Either supply a composite URI (amqp.url) or individual fields that the Controller assembles internally before connecting.

Meta key Required / optional Meaning
amqp.url Prefer Full AMQP URI, e.g. amqp://user:pass@rabbitmq.icehive.svc:5672/vhost
amqp.host When url absent Broker hostname/IP
amqp.port Optional Broker port (5672 when blank)
amqp.user Optional Username inside URI assembly
amqp.password Optional Password inside URI assembly
amqp.vhost Optional / virtual host semantics
amqp.exchange Optional Topic exchange (ex_icehive when omitted)
amqp.routing_key_control_events Optional Routing key (control.events when omitted)

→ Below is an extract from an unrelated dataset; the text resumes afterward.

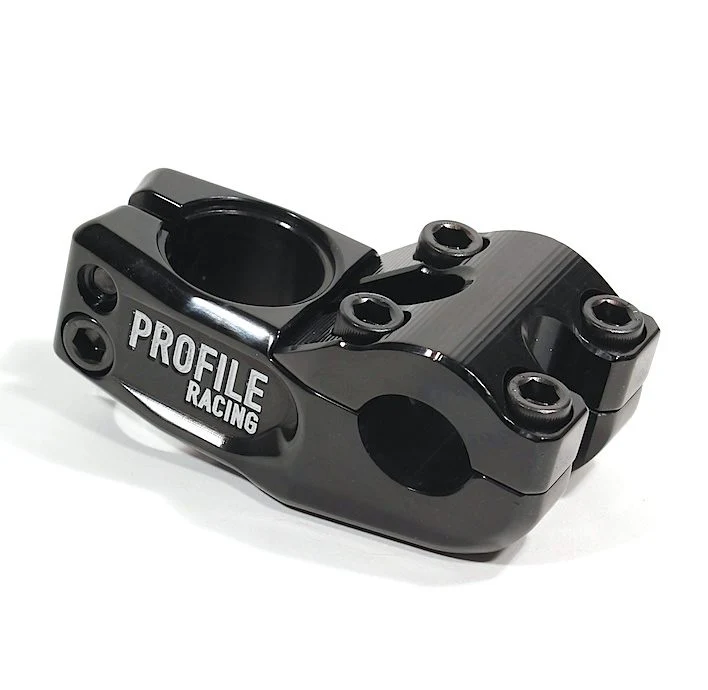Profile Racing Push Mulville Stem - Image 6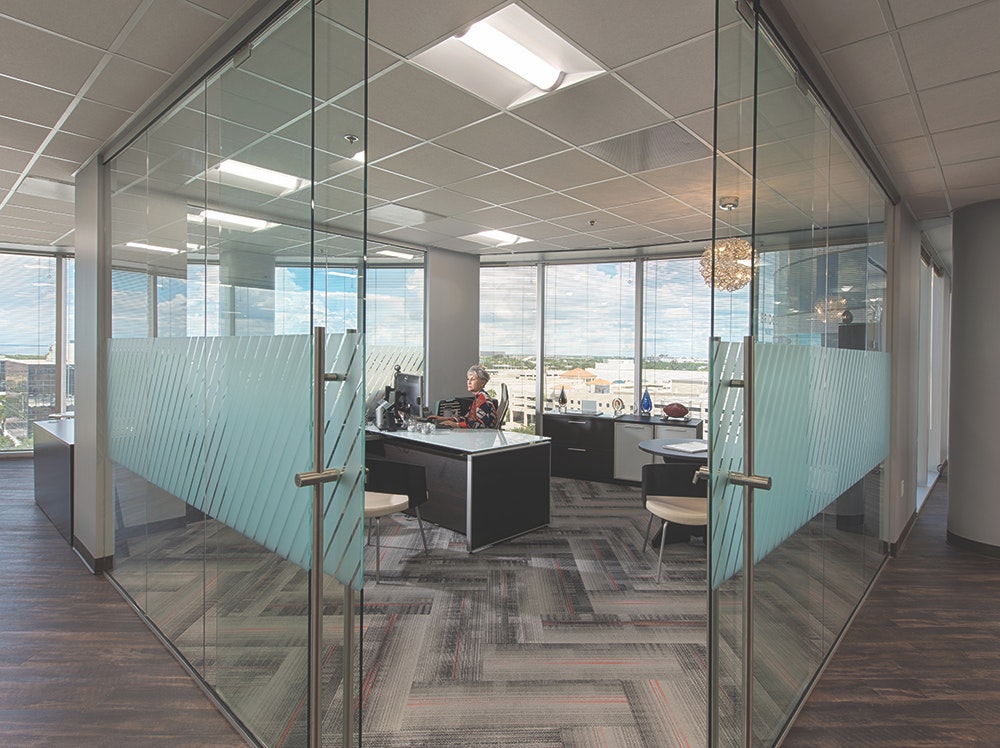 1651070165220 Gsp40777 38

Sink database keys (persister_mysql.%)

Meta key Required Meaning
persister_mysql.host Yes Reachable hostname from persister Pods
persister_mysql.port Implicit 3306 when unset
persister_mysql.user Yes Sink DB user
persister_mysql.password Yes Sink DB password
persister_mysql.database Yes Sink logical database

If persister-mysql cannot read these rows, the YAML block persister_mysql on the controller Pod temporarily supplies sink settings as a bootstrap fallback—but normal operations should hydrate icehive_meta.


Collector-specific meta keys (github.token)

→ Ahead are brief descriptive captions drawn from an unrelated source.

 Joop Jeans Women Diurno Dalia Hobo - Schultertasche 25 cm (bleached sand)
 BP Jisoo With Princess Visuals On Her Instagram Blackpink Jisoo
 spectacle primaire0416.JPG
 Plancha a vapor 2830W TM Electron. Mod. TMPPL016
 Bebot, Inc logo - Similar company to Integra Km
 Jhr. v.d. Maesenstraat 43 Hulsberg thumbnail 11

GitHub ingest reads the GetConfig("github.token") value to authenticate API calls. Store that token in icehive_meta (or set it through RPC). Treat it as a secret in Kubernetes.


Shared environment variables and flags

Name Applies to Description
ICEHIVE_SERVICE Container entrypoint Selects the binary to launch
LOG_LEVEL All backend binaries trace · debug · info · warn · error · fatal · panic (invalid → info)
ICEHIVE_CONTROLLER_URL Collectors + persisters Connect base URL (http/https, no trailing slash). Falls back to http://localhost:8080 when unset—almost never correct in-cluster
CLI -configdir All services Directory containing YAML; controller uses /opt/ih/migrations in official images when that path exists, otherwise <configdir>/migrations for dev/tests
CLI -controller Collectors + persisters Overrides ICEHIVE_CONTROLLER_URL when non-empty
CLI -listen All services HTTP bind address; defaults per binary but YAML listen wins when present

Service-specific YAML keys are documented on each service page under Configuration.